━━━ Data for this exercise
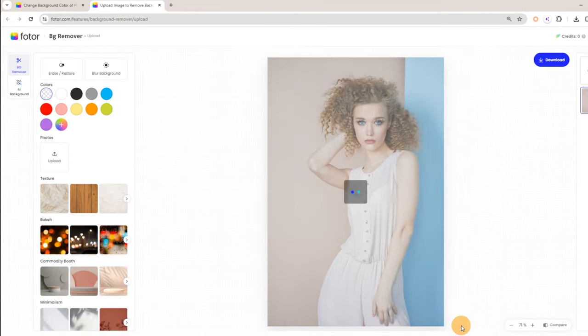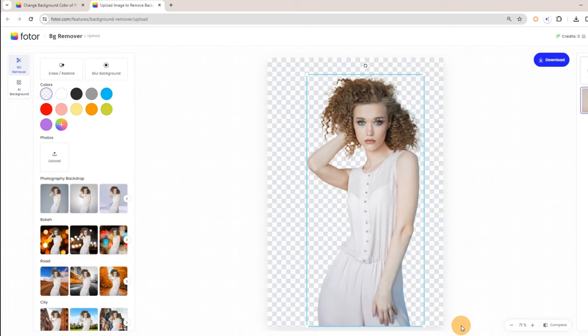Step 2: Our tool will automatically detect the object and remove the background from the picture.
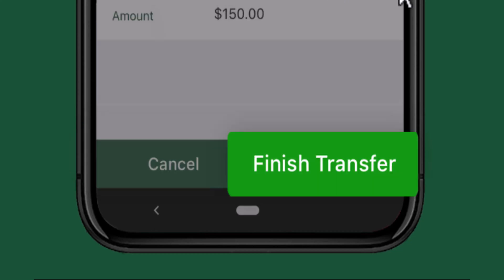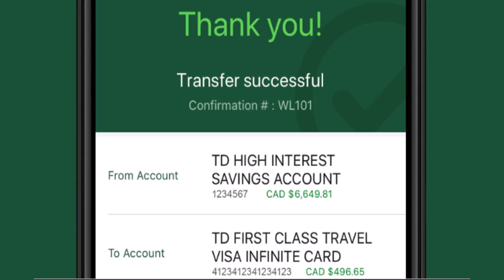Once again, you'll need to review all of the information provided. If you're sure about it, click on Finish Transfer, which is right at the bottom. On the last screen you'll be notified that the transaction has been successful.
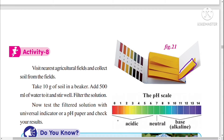For example, if we keep this strip in hydrochloric acid, it will turn into red color. The red color value is 1, so the pH of hydrochloric acid is 1. If we keep this strip in a sugar solution, the strip will turn into green color. Green color indicates pH 7, which is a neutral solution.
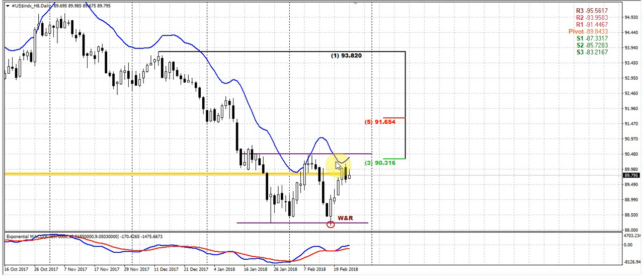We will start from the daily chart. But first, I need to remind you that the dollar index right now stands at a very strong monthly support area. This is a confluence support on the monthly chart. Previously, market was also oversold on the weekly and monthly charts.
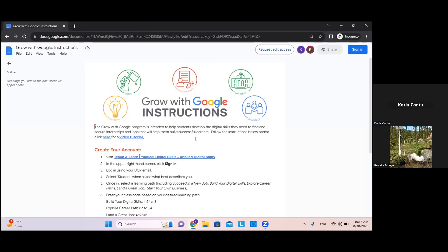Hello, this is Grow with Guru and today we are showing you how to sign up and the following steps to receive your $15 Barnes and Noble gift card.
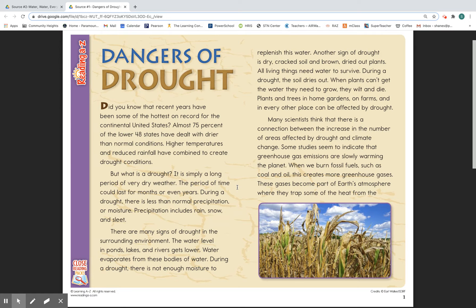All living things need water to survive. During a drought, the soil dries out. When plants can't get the water they need to grow, they wilt and die. Plants in trees and homes and gardens, on farms, and in every other place can be affected by drought.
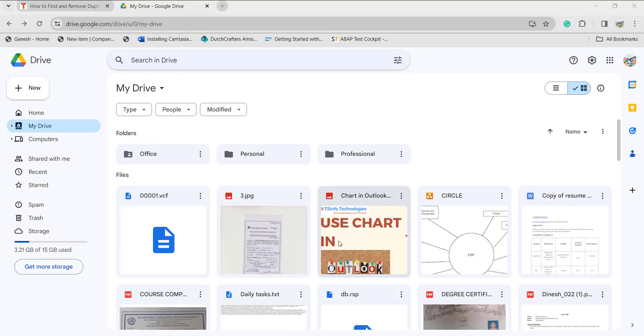This is the way of removing duplicates by searching and removing. In smartphones, you can open the Google Drive application and select the files which you want to remove if it is a duplicate file. Select the multiple files together and click on the three dots.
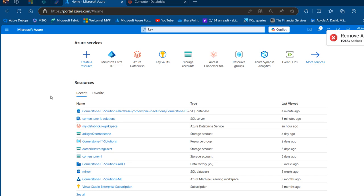In this episode, I'm going to show you how to provision an Azure SQL Database table in the Databricks notebook for analysis. Let's get started — first, let's take a look at the table in the Azure SQL Database.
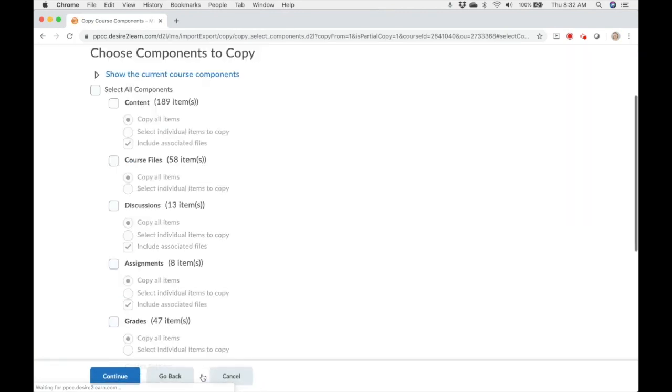Now is the fun part. You get to pick and choose what you copy. Let's look at the options first.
━━━━━━
Task statement: Starting with the line that contains "In this episode, I'm", repeat each line exactly until the listing ends, including the last one. Leave pictures out.

Finished task:
In this episode, I'm going to show you how to provision an Azure SQL Database table in the Databricks notebook for analysis. Let's get started — first, let's take a look at the table in the Azure SQL Database.
Now is the fun part. You get to pick and choose what you copy. Let's look at the options first.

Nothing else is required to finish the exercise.